I am happy to report that soprano Ailyn Pérez’ role debut as Tatyana in Eugene Onegin at the Met was a joy. Not only was she vocally thrilling in all registers throughout Tchaikovsky's score, but she was able to render the character’s emotional arcs in exquisite detail. The Letter Scene, with its adolescent emotional switchbacks, was a highlight, as was the final parting scene, whose range between anguished pianissimo and resolved fortissimo was striking. But even in the second act party scene, where Tatyana is limited to a few asides, every time Pérez sang we heard a character with a fully musically realized inner life.

Ailyn Pérez (Tatyana)
© Jonathan Tichler | Met Opera

The evening’s other standout was tenor Piotr Beczała as Lensky, Olga’s betrothed. Confident and brash vocally, he was everything you want a tenor to be in an opera, by turns sentimental, anguished and heroic. His second act aria, in which he mourns his love for Olga and contemplates the possibility of his impending death in a duel, was especially affecting.

Piotr Beczała (Lensky)
© Marty Sohl | Met Opera

In any other opera, Lensky would be the leading man. Here, however, he is second banana to the aloof title character, ably sung by Igor Golovatenko. The huge challenge of this role is to give even the hint of an idea of what Tatyana sees in him, since the character is written in the first two acts mostly as whiny and self-absorbed. While Golovatenko made a passable attempt at making Onegin interesting in the first scene, the aria in which he rejects Tatiana came across as self-congratulatory. This is an entirely reasonable choice for the character, but it dooms any credibility of Tatyana’s carrying a torch for him for four years.

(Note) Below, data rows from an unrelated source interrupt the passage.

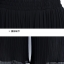 Trousers517 กางเกงขายาวชีฟองอัดพลีทสีดำ เอวยางยืด ผ้าชีฟองเนื้อดีหนามีน้ำหนักทิ้งตัว งานสวยผ้านุ่มน่าใส่ แมทช์กับเสื้อทรงไหนก็ดูดี
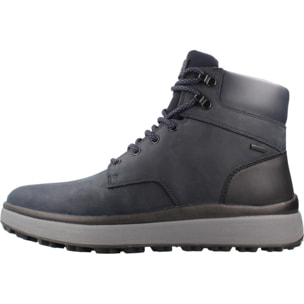 Botines Hombre de la marca GEOX  modelo U36FZC 0FF50 AZUL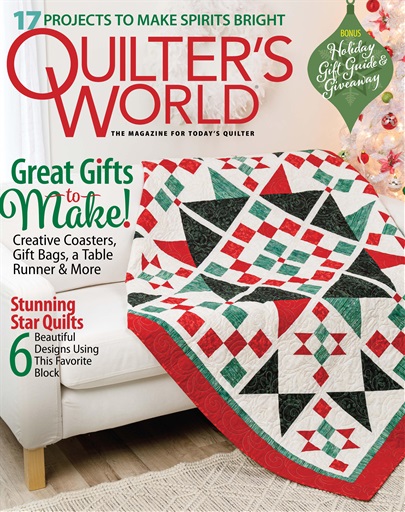 Quilter's World issue 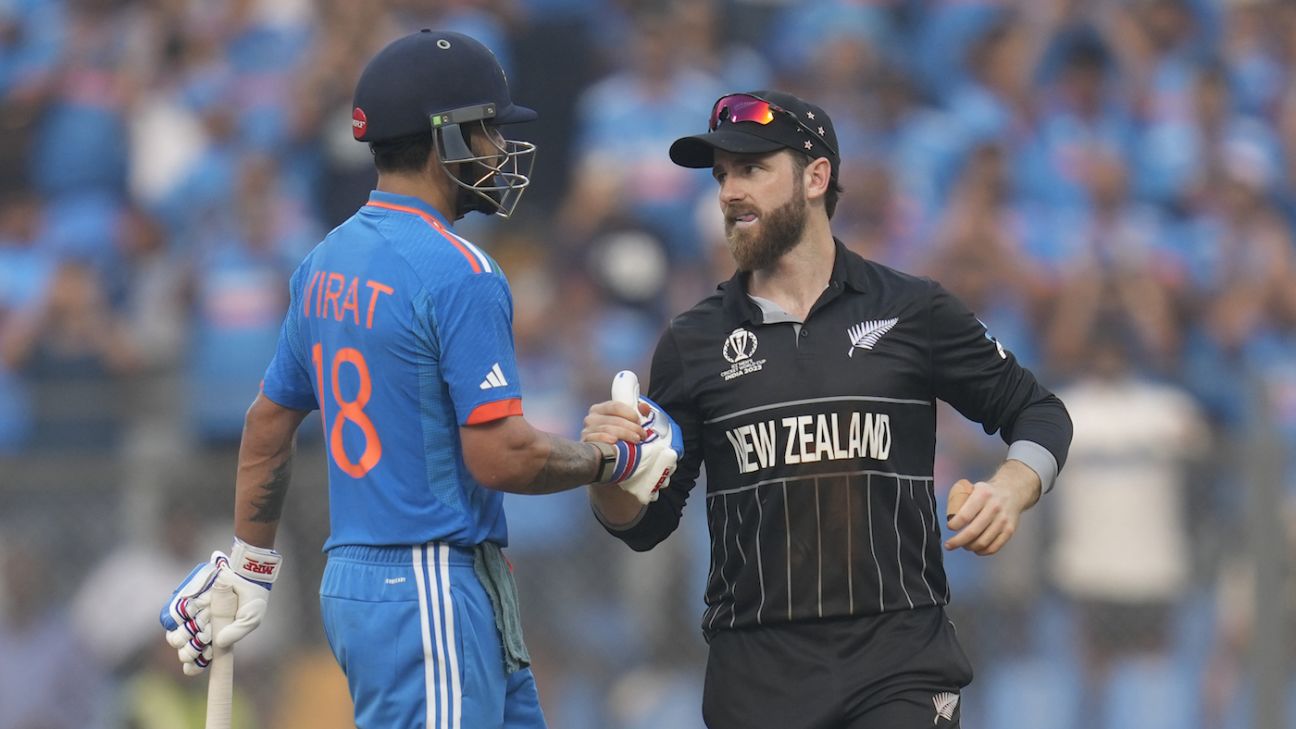 Ind vs NZ - CT 2025 final - What makes India and New Zealand dominant  forces in ICC events? | Cricinfo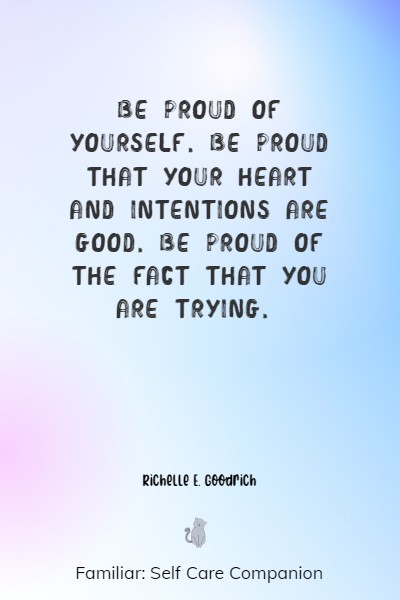 meaningful proud of you quotes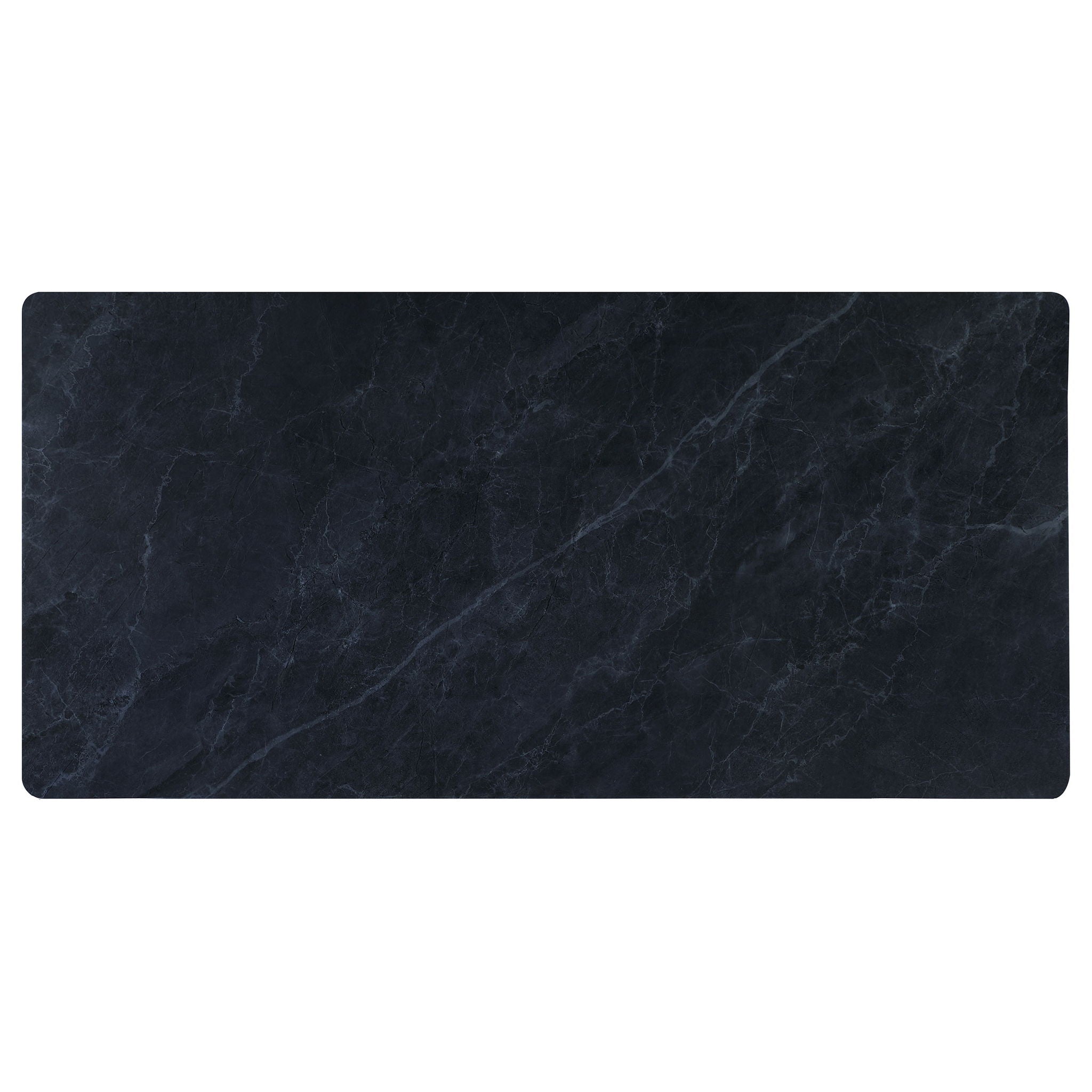 Forster - Rectangular Sintered Stone Dining Table - Gray
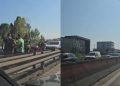 LAJM I FUNDIT/ Aksident i RËNDË në Tiranë – Durrës, “paralizohet” autostrada…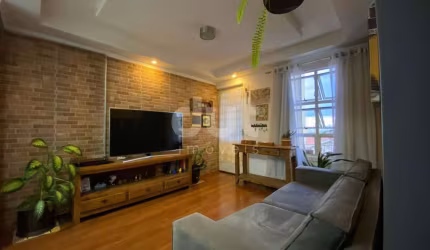 Apartamento com 2 quartos à venda na Rua Thomaz Bérgamo, 229, Jardim Cristina, Campinas, 55 m2 por R$ 235.000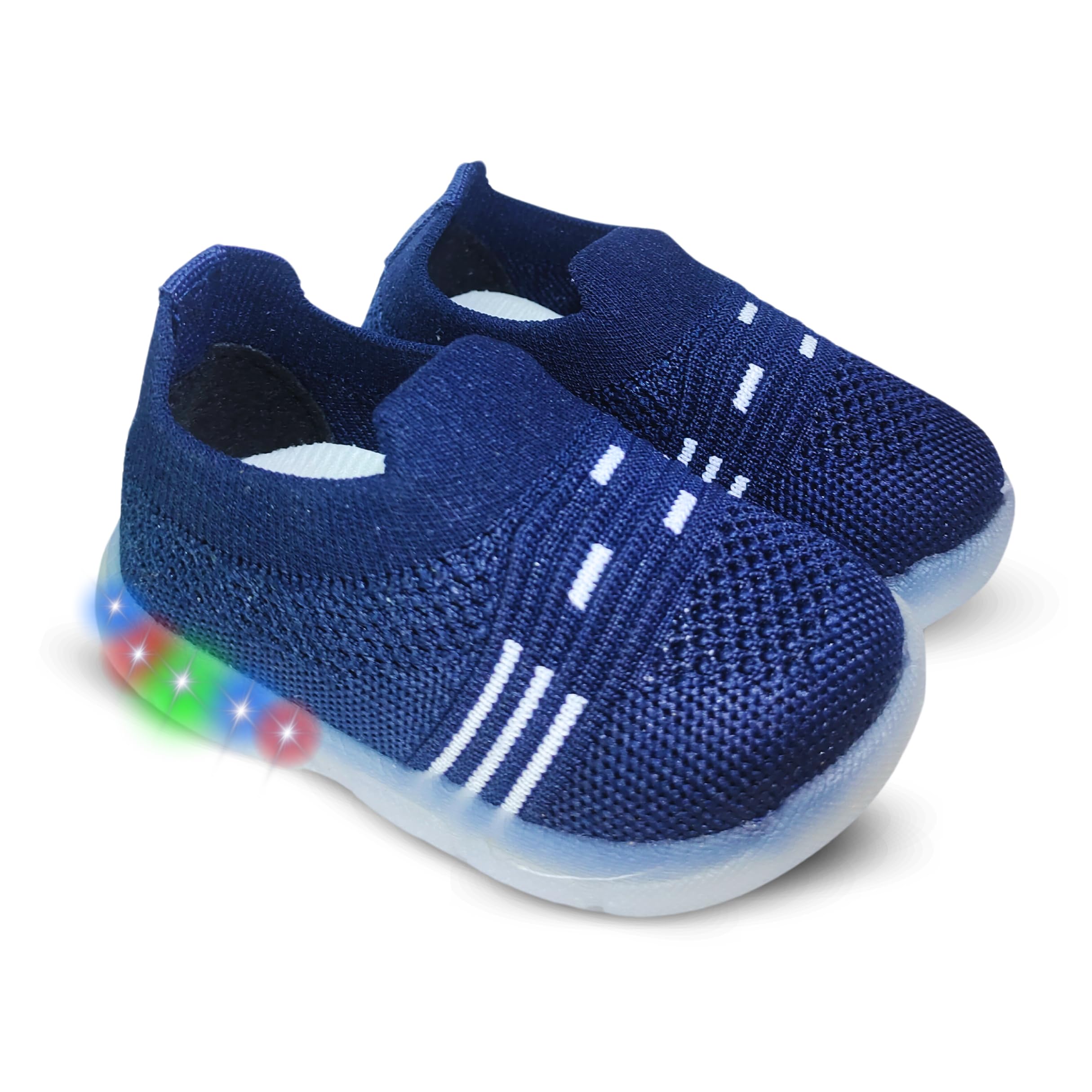 𝐅𝐨𝐨𝐭𝐒𝐭𝐚𝐭𝐢𝐨𝐧: Infants LED 𝕃𝕚𝕘𝕙𝕥-𝕦𝕡 Shoes | Age 12M to 3years | 🚀 Mini Rider-4 (N.blue, 2.5 Years) (B0CNNH7ZPY) Amazon Price History, Amazon Price Tracker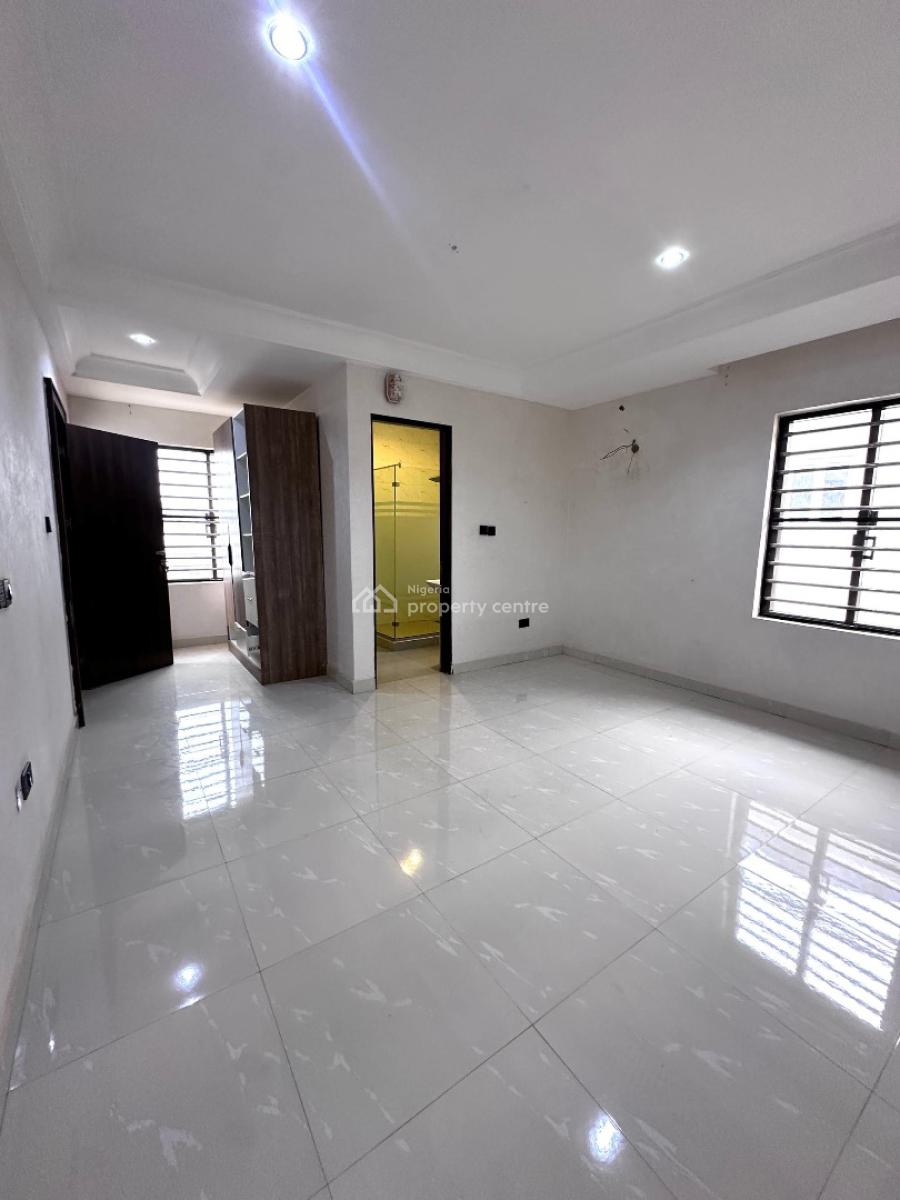 Newly Built 4 Bedroom Terrace Duplex with Bq, Guzape District, Abuja, Terraced Duplex for Rent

Ailyn Pérez (Tatyana) and Igor Golovatenko (Onegin)
© Jonathan Tichler | Met Opera

Notable supporting performances included mezzo-soprano Larissa Diadkova as Filippyevna and bass Ain Anger as Tatyana's husband Prince Gremin, each with a penetrating clarity of voice. Tenor Tony Stevenson as Monsieur Triquet and bass-baritone Richard Bernstein as Zaretsky, Onegin’s second in his duel, also turned in rich and well-contoured performances in their cameos.

James Gaffigan conducted the Metropolitan Opera Orchestra in an economical yet voluptuous rendition of the score. The orchestra’s role portraying subtext, particularly Tatyana’s, and commentary was foregrounded here, to good effect. Throughout the evening, Gaffigan kept the exposition, choral numbers and dances moving at an unusually quick pace, then relaxing into the big emotional set pieces, in which he gave the singers all the time they needed. I found the brisk tempos actually quite welcome, with the exception of the third act’s opening polonaise, which was so fast the dotted rhythms didn’t quite land. The Met's chorus, as always, was superb.

Ailyn Pérez (Tatyana) and Igor Golovatenko (Onegin)
© Marty Sohl | Met Opera

Deborah Warner's production, first seen at the Met in 2013, is lovely to look at, although Tom Pye’s scenic design does raise questions. Why does Tatyana sleep in the same room that her mother entertains the local peasants in? Why is Prince Gremin’s ballroom represented by massive pillars that leave little room for the dancers? Why, when everything else has been so naturalistic, do those pillars apparently represent trees in the final scene – which the libretto sets indoors? 

Ailyn Pérez (Tatyana), Ain Anger (Gremin) and Igor Golovatenko)
© Marty Sohl | Met Opera

That said, there are rewarding touches in the stage direction. The silent presence of servants coming and going in the Larina household gives the world of the first act a satisfying three-dimensionality. Lensky, in his duel with Onegin, advances without firing his rifle; Onegin fires without advancing, a telling moment. And the symmetry of Tatyana’s farewell kiss to Onegin with his to her in the first act is lovely. However, although it’s a common trope in opera staging, a male character professing love for a female character by grabbing her and physically preventing her from leaving sits uneasily today. It simply added weight to my usual final-curtain reaction to this opera: thank goodness she’s well rid of him.